Sauereibloggen: Abo-Abzocke mit Koch-Community

Bloggen und Medien, Kost

Sauereibloggen am Mittwoch: Abo-Abzocke im Internet scheint nach wie vor ein lukratives Geschäft zu sein. Obwohl die Abzocker die Gerichte ausnahmslos gegen sich haben, wirken die massiven Erpressungsversuche gegen die Opfer so stark, dass diese bezahlen und eine rechtliche Auseinandersetzung scheuen.

Die Verbraucherzentrale Niedersachsen warnt wieder einmal vor der Connects 2 Content GmbH in Düsseldorf, die auch die Webseite rezepte-ideen.de betreibt. Die Firma hat den Kunden eine kostenlose Mitgliedschaft in einer Community angeboten, die aber nach einiger Zeit mit einer AGB-Änderung in eine kostenpflichtige verwandelt. Dann hagelte es Rechnungen über 84 Euro im Jahr.

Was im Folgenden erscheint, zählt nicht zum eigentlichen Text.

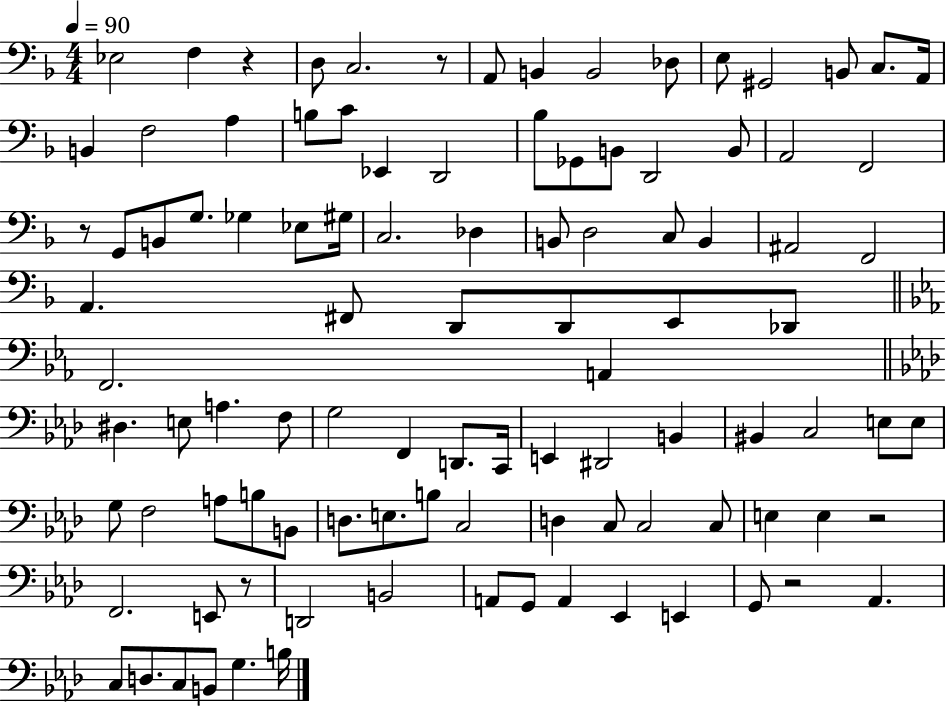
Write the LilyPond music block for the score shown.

{
  \clef bass
  \numericTimeSignature
  \time 4/4
  \key f \major
  \tempo 4 = 90
  ees2 f4 r4 | d8 c2. r8 | a,8 b,4 b,2 des8 | e8 gis,2 b,8 c8. a,16 | \break b,4 f2 a4 | b8 c'8 ees,4 d,2 | bes8 ges,8 b,8 d,2 b,8 | a,2 f,2 | \break r8 g,8 b,8 g8. ges4 ees8 gis16 | c2. des4 | b,8 d2 c8 b,4 | ais,2 f,2 | \break a,4. fis,8 d,8 d,8 e,8 des,8 | \bar "||" \break \key ees \major f,2. a,4 | \bar "||" \break \key aes \major dis4. e8 a4. f8 | g2 f,4 d,8. c,16 | e,4 dis,2 b,4 | bis,4 c2 e8 e8 | \break g8 f2 a8 b8 b,8 | d8. e8. b8 c2 | d4 c8 c2 c8 | e4 e4 r2 | \break f,2. e,8 r8 | d,2 b,2 | a,8 g,8 a,4 ees,4 e,4 | g,8 r2 aes,4. | \break c8 d8. c8 b,8 g4. b16 | \bar "|."
} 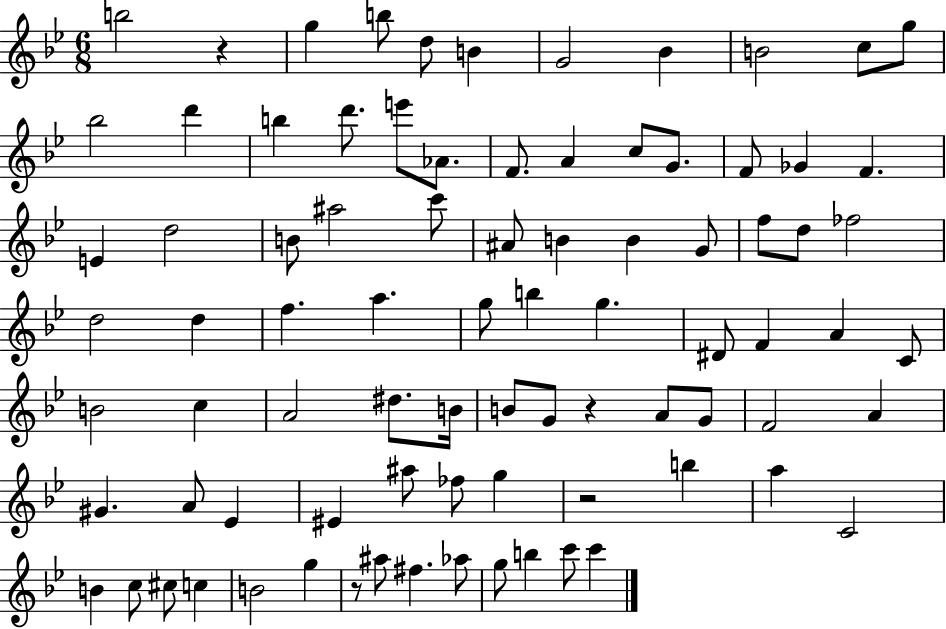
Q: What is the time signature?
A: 6/8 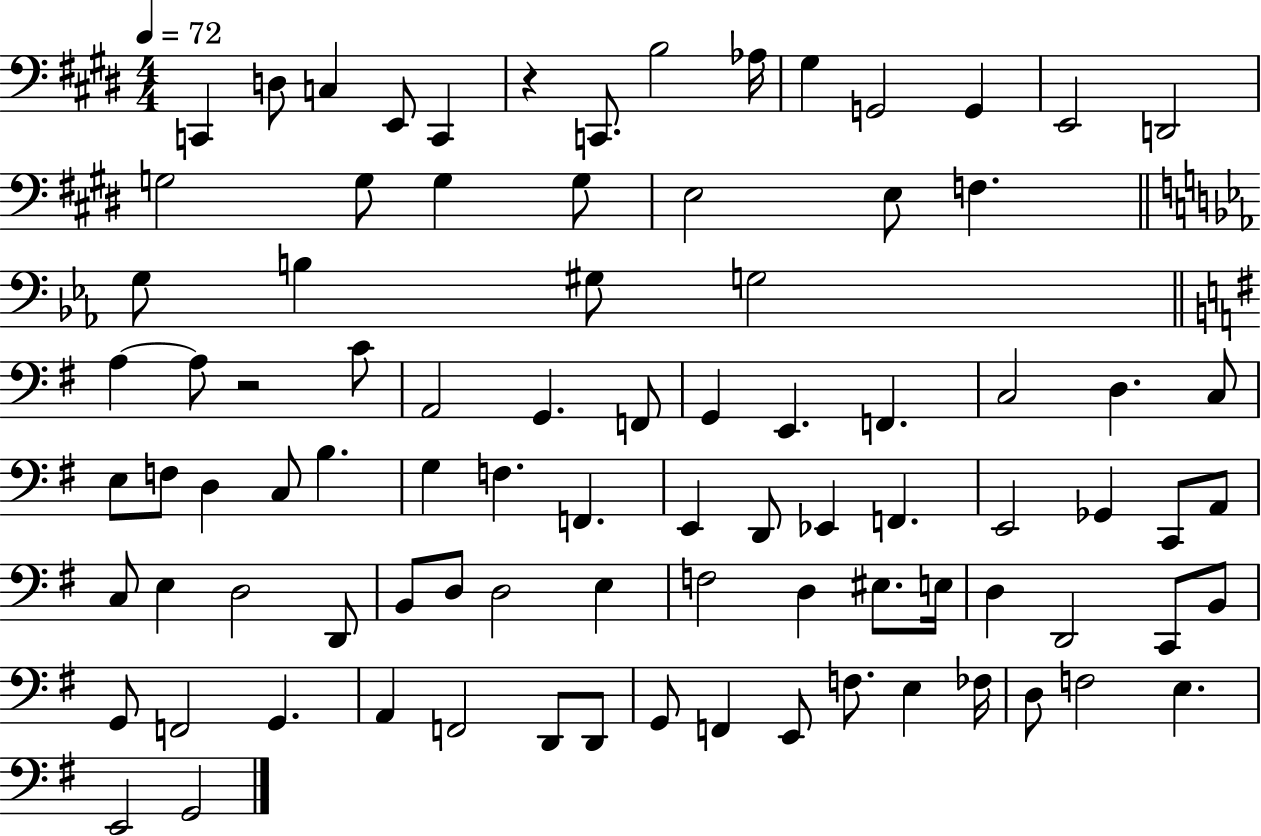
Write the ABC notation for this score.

X:1
T:Untitled
M:4/4
L:1/4
K:E
C,, D,/2 C, E,,/2 C,, z C,,/2 B,2 _A,/4 ^G, G,,2 G,, E,,2 D,,2 G,2 G,/2 G, G,/2 E,2 E,/2 F, G,/2 B, ^G,/2 G,2 A, A,/2 z2 C/2 A,,2 G,, F,,/2 G,, E,, F,, C,2 D, C,/2 E,/2 F,/2 D, C,/2 B, G, F, F,, E,, D,,/2 _E,, F,, E,,2 _G,, C,,/2 A,,/2 C,/2 E, D,2 D,,/2 B,,/2 D,/2 D,2 E, F,2 D, ^E,/2 E,/4 D, D,,2 C,,/2 B,,/2 G,,/2 F,,2 G,, A,, F,,2 D,,/2 D,,/2 G,,/2 F,, E,,/2 F,/2 E, _F,/4 D,/2 F,2 E, E,,2 G,,2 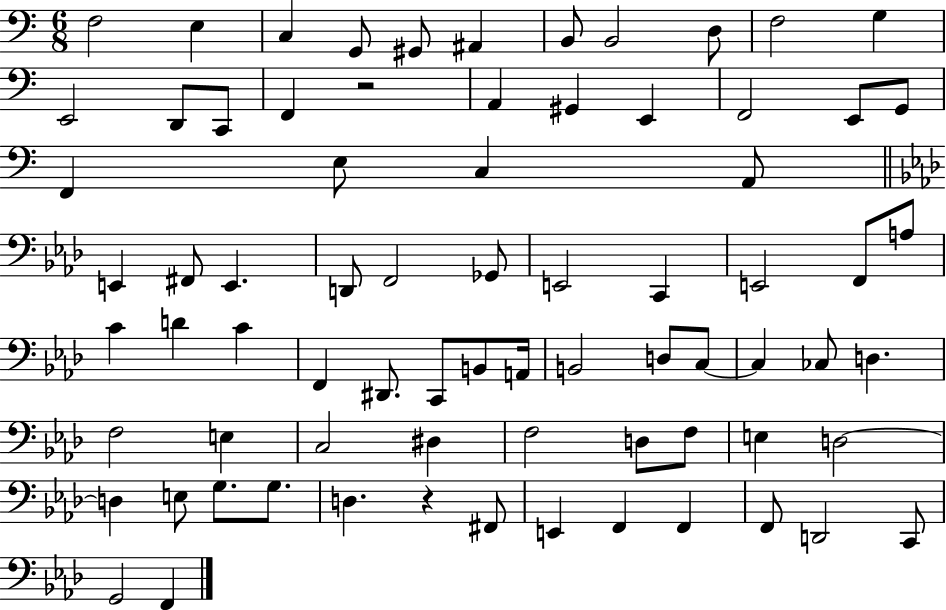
{
  \clef bass
  \numericTimeSignature
  \time 6/8
  \key c \major
  f2 e4 | c4 g,8 gis,8 ais,4 | b,8 b,2 d8 | f2 g4 | \break e,2 d,8 c,8 | f,4 r2 | a,4 gis,4 e,4 | f,2 e,8 g,8 | \break f,4 e8 c4 a,8 | \bar "||" \break \key f \minor e,4 fis,8 e,4. | d,8 f,2 ges,8 | e,2 c,4 | e,2 f,8 a8 | \break c'4 d'4 c'4 | f,4 dis,8. c,8 b,8 a,16 | b,2 d8 c8~~ | c4 ces8 d4. | \break f2 e4 | c2 dis4 | f2 d8 f8 | e4 d2~~ | \break d4 e8 g8. g8. | d4. r4 fis,8 | e,4 f,4 f,4 | f,8 d,2 c,8 | \break g,2 f,4 | \bar "|."
}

„Betroffene sollten auf keinen Fall zahlen und sich nicht einschüchtern lassen. Auch dann nicht, wenn eine Rechnung von einem Inkassounternehmen oder Rechtsanwalt kommt!“, schreiben die Verbraucherschützer. Wie man sich zur Wehr setzt, lest Ihr hier, insbesondere im Interview auf Seite 3.

Internet-Abzocke Teil II

Bloggen und Medien

Ich hatte letztens hier über Internet- bzw. Abo-Abzocke mit Kochrezepten geschrieben. Das Posting war während der Recherche zu einer größeren Geschichte entstanden, die sich allgemein mit dem Thema befasst. Die ist nun erschienen (PC Magazin 5/2008 auch online). Unter anderem steht ausführlicher beschrieben, wie man sich wehren kann. Das sollte man unbedingt tun, denn bislang hat nur ein Abzocker einen Prozess gewagt und auch gleich verloren…

Abzocke mit Kochrezepten

Kost

Gerader recherchiere ich für einen Artikel zum schönen Thema „Abzocke im Internet“ und bin dabei auf die Seite kochrezepte-server.com gestoßen. Für 59,95 Euro bekommt der Übertölpelte sechs Monate Zugang zu einer Sammlung von angeblich 30.000 Rezepten, von der ich lieber nicht wissen möchte, wie sie zustande gekommen ist. Natürlich zahlt kein Mensch knapp sechzig Euro für etwas, das er überall im Web kostenlos bekommt (z.B. in Koch- und Genussblogs). Aber die Opfer merken meist solange nicht, dass sie einen kostenpflichtigen Dienst benutzen, bis die 2. Mahnung kommt. Bei den meisten dieser obskuren Anbieter gibt es nämlich weder eine Rechnung noch eine 1. Mahnung.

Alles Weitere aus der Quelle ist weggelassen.